|Home | About | Journals | Submit | Contact Us | Français|
Objective To compare the effectiveness of the Bug Buster kit with a single treatment of over the counter pediculicides for eliminating head lice.
Design Single blind, multicentre, randomised, comparative clinical study.
Setting Four counties in England and one county in Scotland.
Participants 133 young people aged 2-15 years with head louse infestation: 56 were allocated to the Bug Buster kit and 70 to pediculicide treatment.
Interventions Home use of proprietary pediculicides (organophosphate or pyrethroid) or the Bug Buster kit.
Main outcome measure Presence of head lice 2-4 days after end of treatment: day 5 for the pediculicides and day 15 for the Bug Buster kit.
Results The cure rate using the Bug Buster kit was significantly greater than that for the pediculicides (57% v 13%; relative risk 4.4, 95% confidence interval 2.3 to 8.5). Number needed to treat for the Bug Buster kit compared with the pediculicides was 2.26.
Conclusion The Bug Buster kit was the most effective over the counter treatment for head louse infestation in the community when compared with pediculicides.

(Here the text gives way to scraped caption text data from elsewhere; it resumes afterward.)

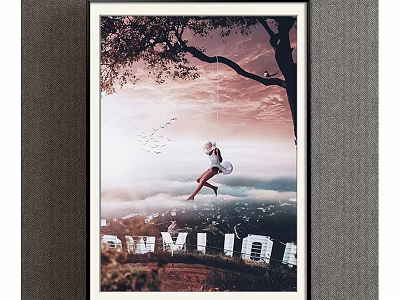 Artistic Figure Painting of Girl on Swing Under Tree with Sky Clouds Download 3d model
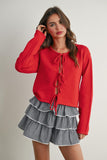 Front Tie Cropped Sweater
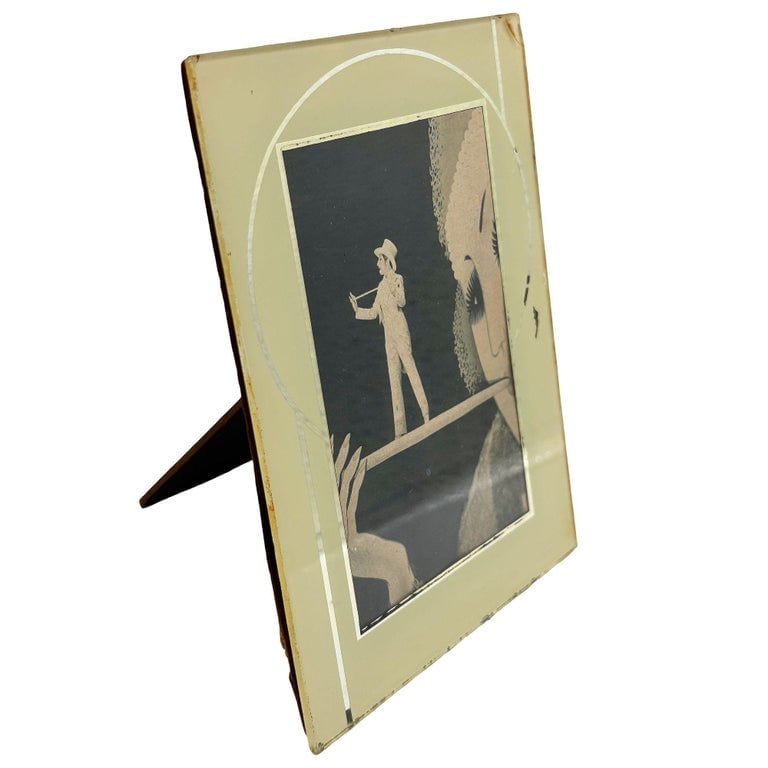 Art Deco Reverse Yellow and Silver Painted Glass Picture Frame 4.5x6 Picture Frame - 5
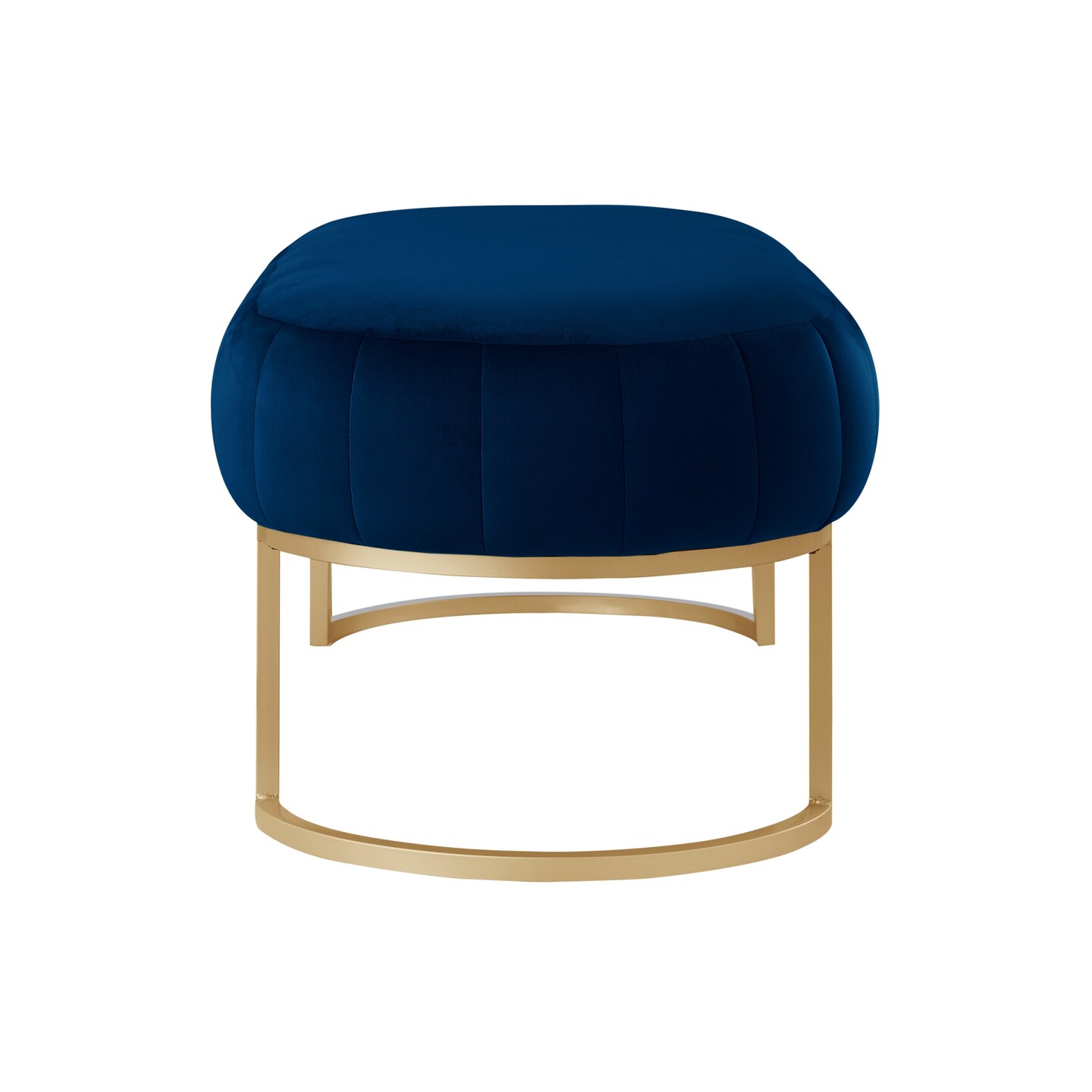 Mohit Leather/Velvet Channel Tufted  Bench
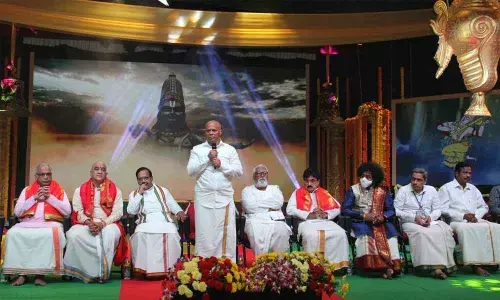 TTD Additional EO A V Dharma Reddy speaking at the inauguration of SVBC musical programme ‘Advi Alladivo’ held at Mahati Auditorium in Tirupati on Monday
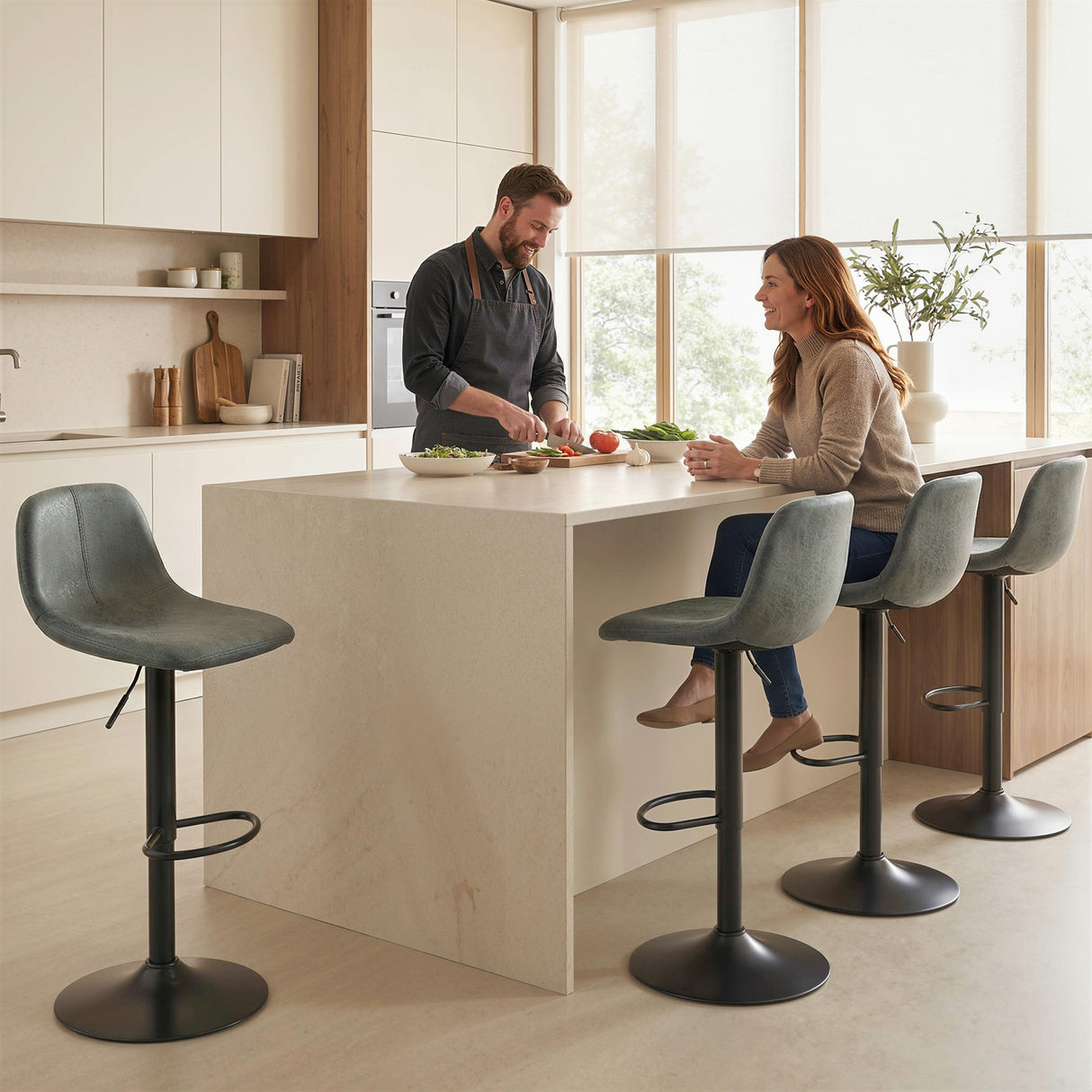 Leathaire Faux Leather Bar Stools in Set Of 2 With Footrest - Velmora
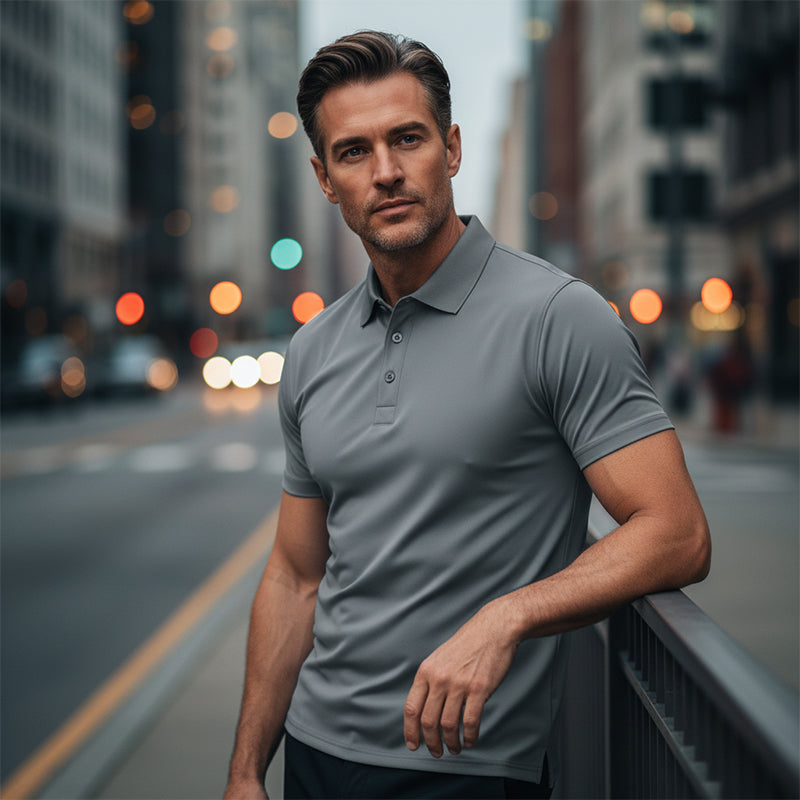 Men's Quick-Dry Short-Sleeve Lapel T-Shirt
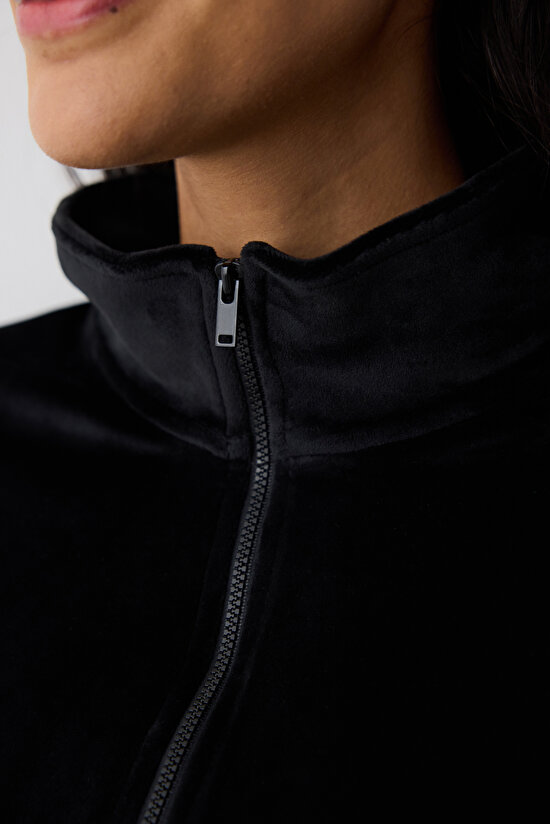 Soft Velvet Elasticated Black Jacket - 3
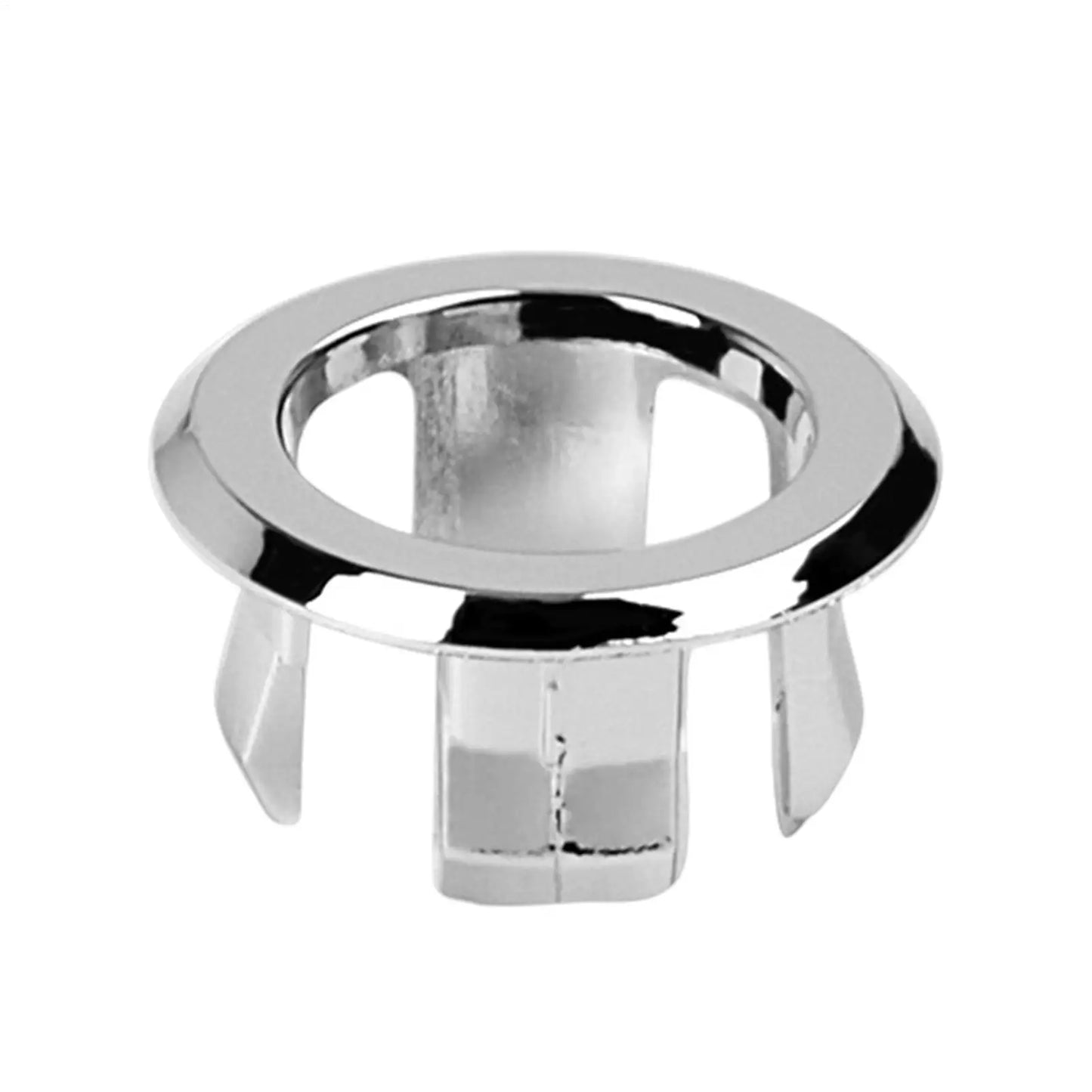 Round Sink Overflow Drain Cover – Chrome Plastic Ring Replacement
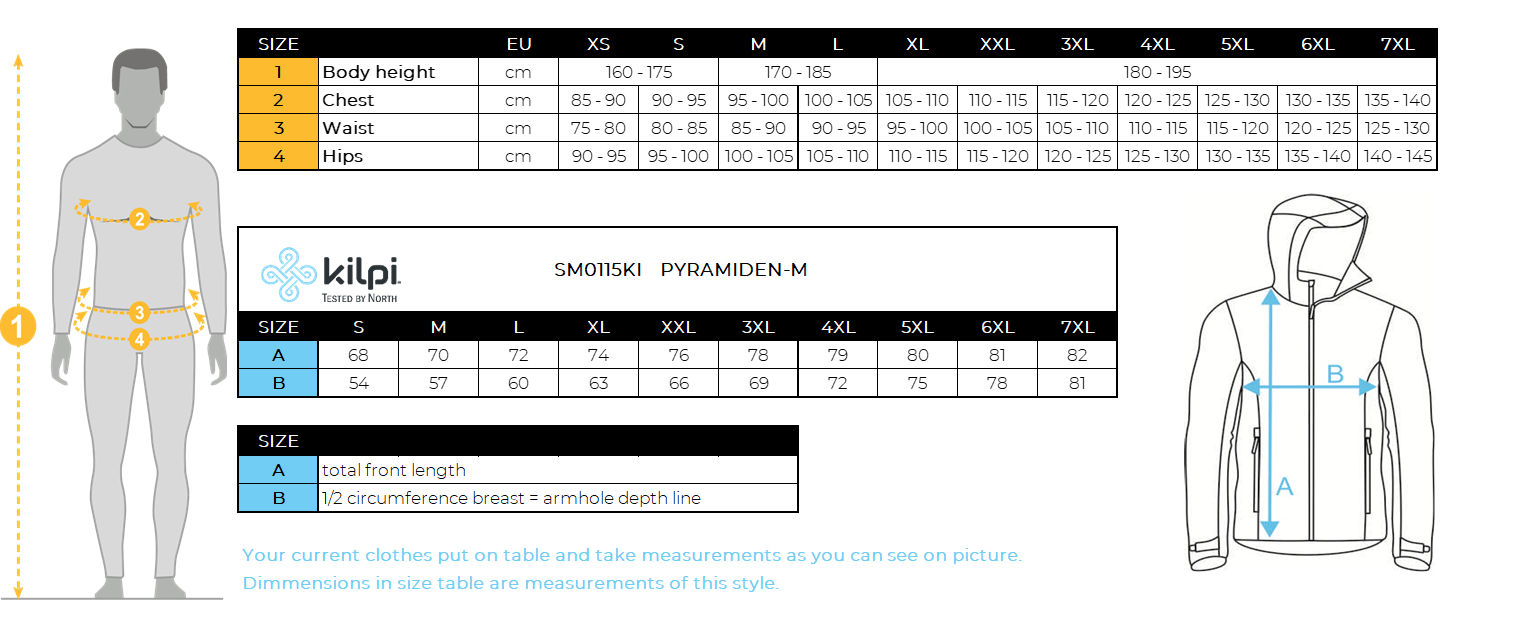 Men´s down jacket Kilpi PYRAMIDEN-M – Size chart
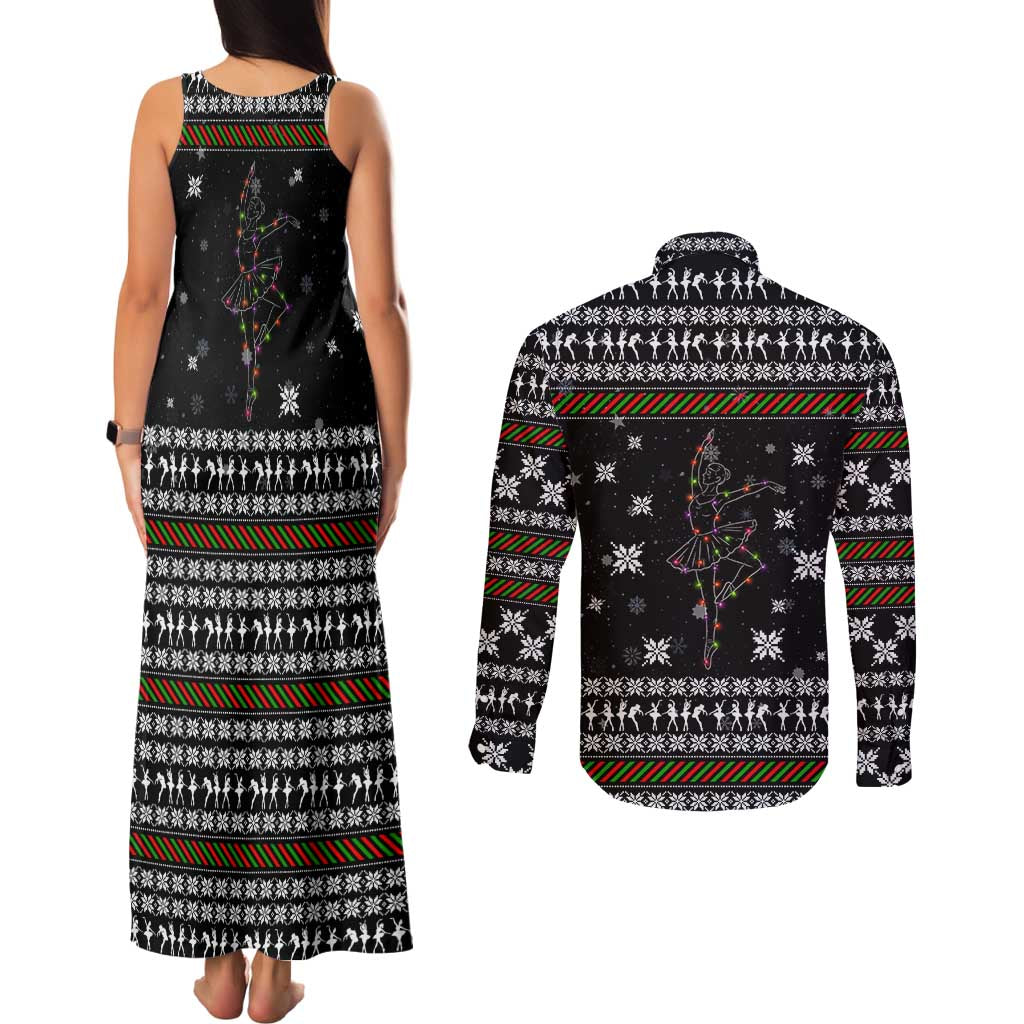 Ballet Pointe Christmas Design Couples Matching Tank Maxi Dress and Long Sleeve Button Shirt Xmas Holiday Patterns - Wonder Print Shop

Infestation with head lice, Pediculosis capitis, is a widespread, persistent, and recurring problem and although it poses no direct threat to health, it may lead to secondary infections if untreated.1 The mere presence of head lice may cause distress to children and their families.2,3 Previous studies of insecticides have reported treatment failure in laboratory bioassays4-9 and field trials.4,5,9,10 Systematic reviews have identified several flaws in earlier study designs,11,12 and a clinical review of best practice compared the merits of each class of pesticide currently available.13 Several possible mechanisms for resistance in head lice have been reported.4,5,9,14 Treatment failure is likely to be an important factor in the reported rise in the incidence of head lice infestation, but of concern is the increased risk of toxicity this may pose to children. Although current insecticides registered for use against head lice are generally considered safe for occasional use,15 they may pose a greater risk of direct or cumulative toxicity if used frequently.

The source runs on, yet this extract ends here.